I looked at Gluster, CEPH, and similar, but didn't yet come up with a decent plan for handling offsite storage, but I know I have only six months or so before the need becomes pressing. I imagine the plan has to be using N-small servers with local storage, rather than 1-Large server, purely because pricing is going to be better that way.

Decisions decisions.

Comments On This Entry

  1. [gravitar] Andy Cater

    HP Microserver and 8TB worth of disks might be suitable and small enough to carry around.

  2. [author] Steve Kemp

    When I think off-site I think "remote", rather than remembering to juggle hardware around manually, though as you suggest external drives and similar will work for that.

    (+/- pi, cube, microserver to drive them.)

  3. [gravitar] Charles Darke

    What about using google and just encrypting all the data?

  4. [author] Steve Kemp

    Encryption is pretty much a given anyway, regardless of who hosts things.

    The trade-off is control vs. privacy and reliability.

  5. [gravitar] yuval

    Have you seen camlistore.org ?

  6. [gravitar] Uli Martens

    Depending on your data, you might take a look at git-annex (https://git-annex.branchable.com/walkthrough/ for a good start).

    It will probably work better with larger files than millions of small ones, but that's not an issue of whether it works, but rather of how fast. :)

    I'm using a mix of local storage, usb storage and remote storage to keep backups and media files both directly available and redundantly offsite/offline, which works great as each repository knows which data content (it's hashed) should be there, and i can configure how often (and where) the actual data is stored.

  7. [author] Steve Kemp

    I spent a while looking at camlistore, and xtreemfs, beyond that I've not been thinking of git-annex because I'm thinking more about the storage side than the transport.

    I figure a filesystem would be ideal, but equally a naive "blob-server" with a good client support and ability to retrieve will work. (Which is why I was looking at S3-compatible servers as well as replicating filesystems.)

    My only immediate comment is that Ceph feels fragile, camlistore seems nice, and Gluster is best avoided.

  8. [gravitar] Paulo Almeida

    Any particular reason why Ceph feels fragile? I only ask because I'm looking into deploying it myself.

  9. [author] Steve Kemp

    Perhaps fragile isnt' the right word. There are lots of components to the system, the object store, the index store, and I don't have a good feeling for which ones you can kill and restart and which you can't.

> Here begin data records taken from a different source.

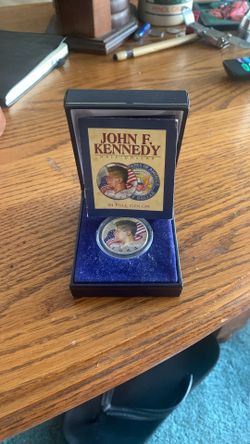 1964 John F Kennedy Half Dollar Full Color 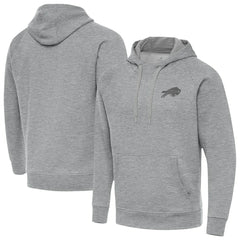 Buffalo Bills Antigua Victory Hoodie - Heather Gray Hoodies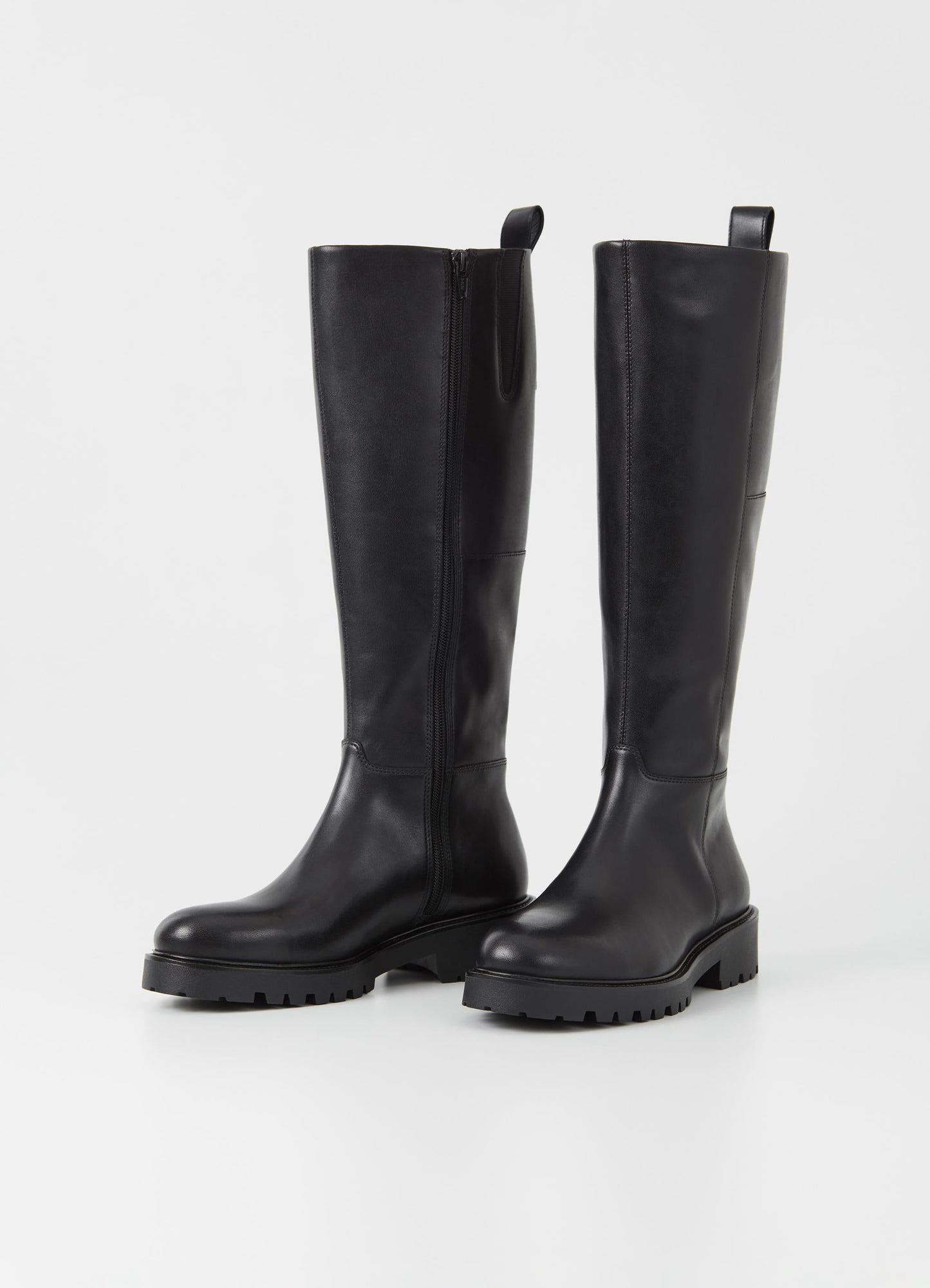 Bottes hautes en cuir certifié | Noir 'kenova black'
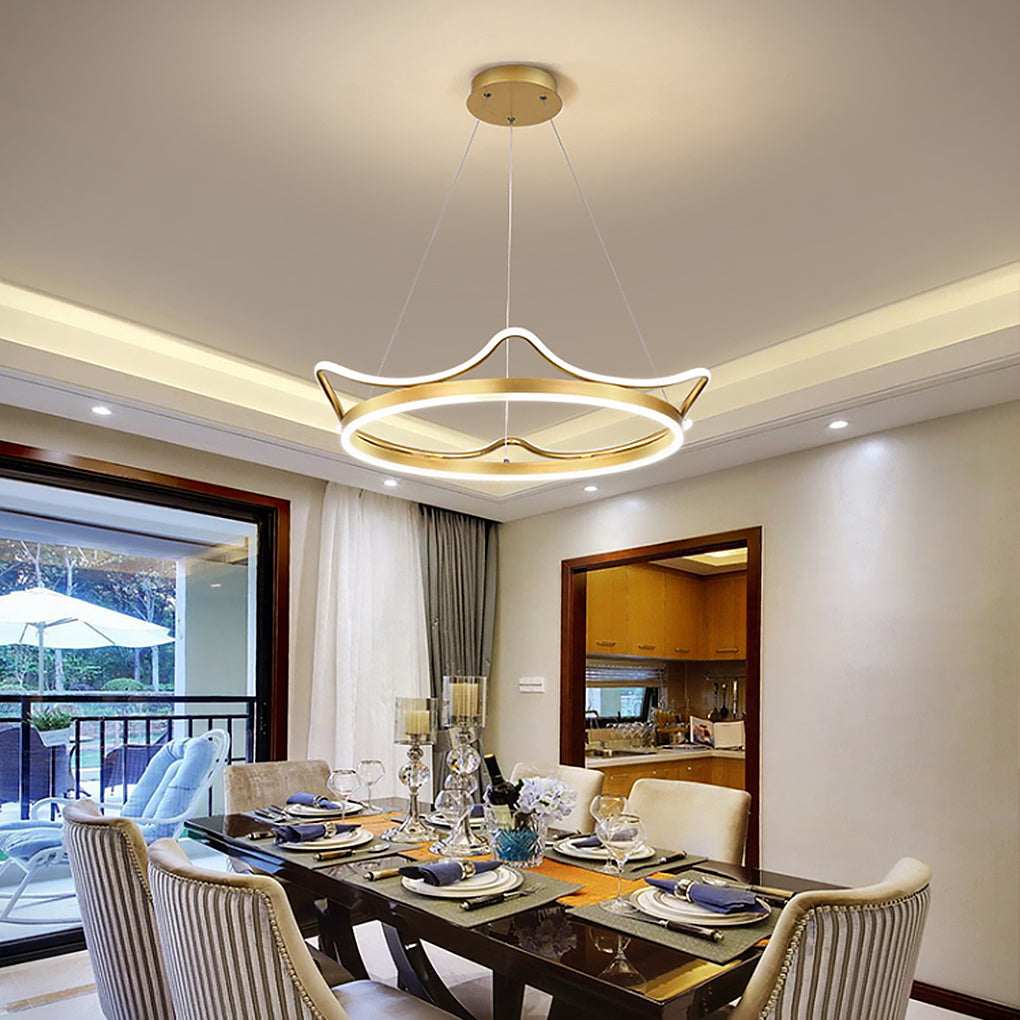 Gelanor - Crown Ring LED Ceiling Light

    Instead I should say that it feels like the software is broken down into distinct parts that seem to make sense, from the outside looking in, but I've not yet sure how failures at different levels are handled, and I can't see a decent discussion of that.

    (i.e. If you're storing data on, say cheap virtual machines, it seems obvious that one or two will die every now and again, so you need to be failure tolerant and I'm not sure how ceph handles that.)

  10. [gravitar] Nux

    Also check out https://tahoe-lafs.org/

  11. [gravitar] Tobe

    Backupsy works out well for me

  12. [gravitar] Paul Walker

    Hi

    Just wondering if you'd already considered/discarded rsync.net for some reason...? (Cost is a valid reason.)

    Paul

  13. [author] Steve Kemp

    I think the reason I avoided rsync.net was price, but I know I didn't look at it recently. I'm not sure why actually, I should go look.